Scrap the Electoral College, Or Not?

Scrap the Electoral College, Or Not?

Is changing the Presidential election process the right thing to do?

There have long been those who support doing away with the Electoral College, the system for which the United States has always elected its President.  Lately, the discussion has become more vociferous, and some of the Democrats who have announce their candidacy in 2020 seem to be willing to accept a change to the system, if not downright calling for a revision.

A lot of the recent noise results from the fact that Hillary Clinton would be President today had the US used a system of whoever wins the plurality of the votes cast to determine its Commander-In-Chief.  But is that the way the Founding Fathers envisioned the process to play out?

You will have to argue they did not favor a winner-take-all approach, because a great deal of effort was put in to make the Electoral College a part of our Constitution, thereby ensuring it would be extremely difficult to change on a whim, or because of one party not being happy with the outcome.

Now, according to news reports, Colorado has decided to pledge its electoral votes to the winner of the popular vote in upcoming Presidential elections.  Personally, if I were a citizen of Colorado, I would be incensed that no matter how I and my fellow citizens voted, my Electoral College vote may be decided by the more populous regions of the country, thereby negating any of our votes.

Talk about being disenfranchised!  Even if Colorado voters selected one candidate by 90 percent of the vote, the electors could possibly be forced to go against their wishes and pledge to the other candidate.  The outcome of the election would likely be decided by the nation’s largest population centers, currently left-leaning hubs, but one day that may change.

Or perhaps the fly-over and industrial states of the South and Midwest will band together and override the East and West coasts and turn out in large enough numbers to sway Colorado’s votes to the right.  I certainly can’t speak the minds of the voters of Colorado, but I would hate to think my vote was wasted.

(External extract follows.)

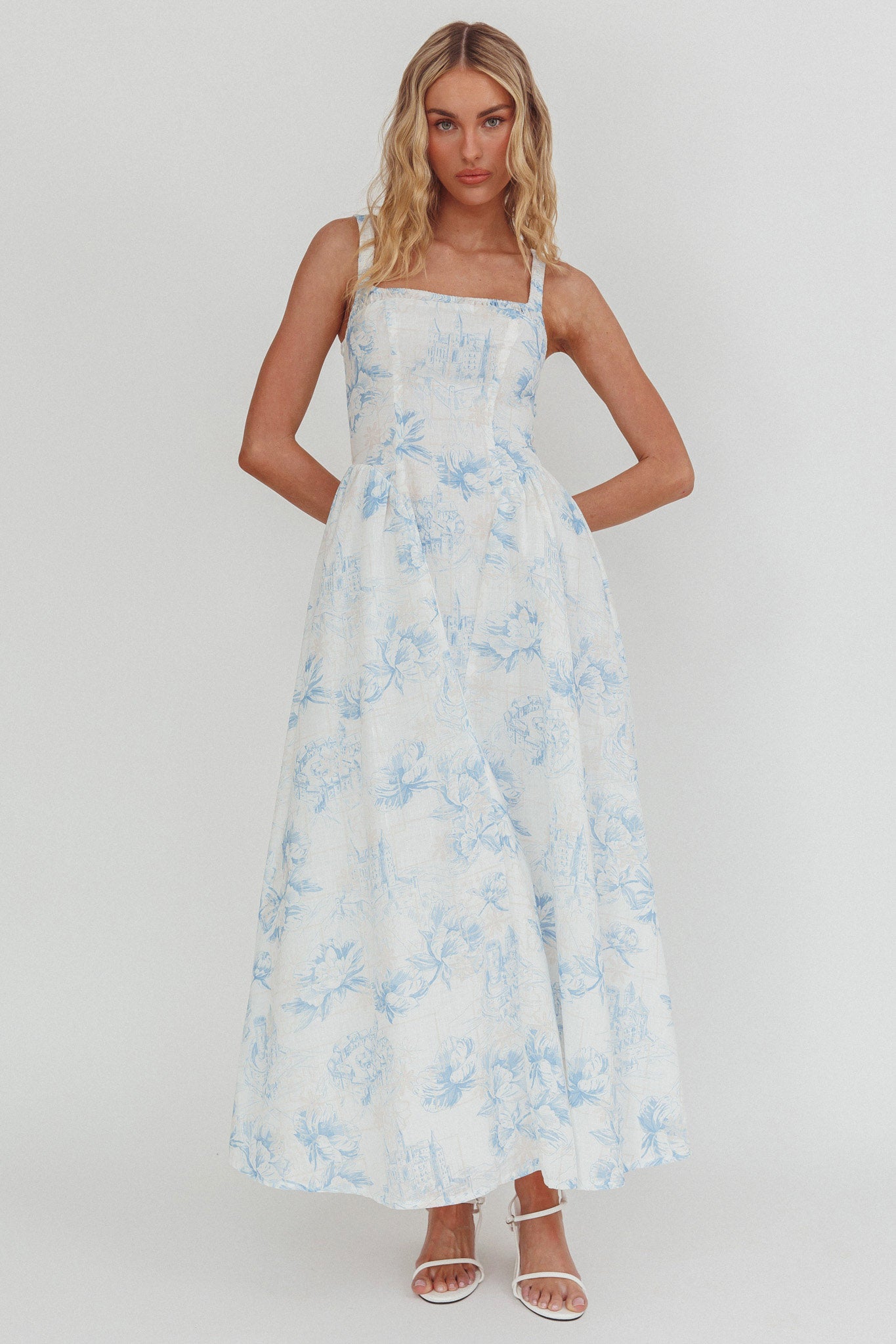 El Corazon Smocked Neckline Maxi Dress Print Blue by Selfie Leslie Australia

Citizens of every state need to have their voices heard and their votes counted.  It shouldn’t matter that you live in a sparsely-populated state, or a small state, or the largest and most populated state in the nation.

The framers of the Constitution recognized that fact, even if they could hardly have imagined the 13 states at the time becoming 50 in total, or a population nearing 350 million people.  They felt the President should be a representative of the entire nation, a nation made up of adequately represented states.

Of course, they never could have conceived our citizens would be so inadequately informed as to elect a President based on good looks, race, gender, or cool-looking TV ads and posters.

Or did they?  Maybe they were afraid one day the President would be elected in a celebrity popularity contest, or by someone rich enough to sway the voters, and that fact frightened them.  If only there was a way to allow informed electors to decide the fate of the nation and select the President, with guidance from their constituency, with each state taking a part in the process.

Maybe, something like the Electoral College?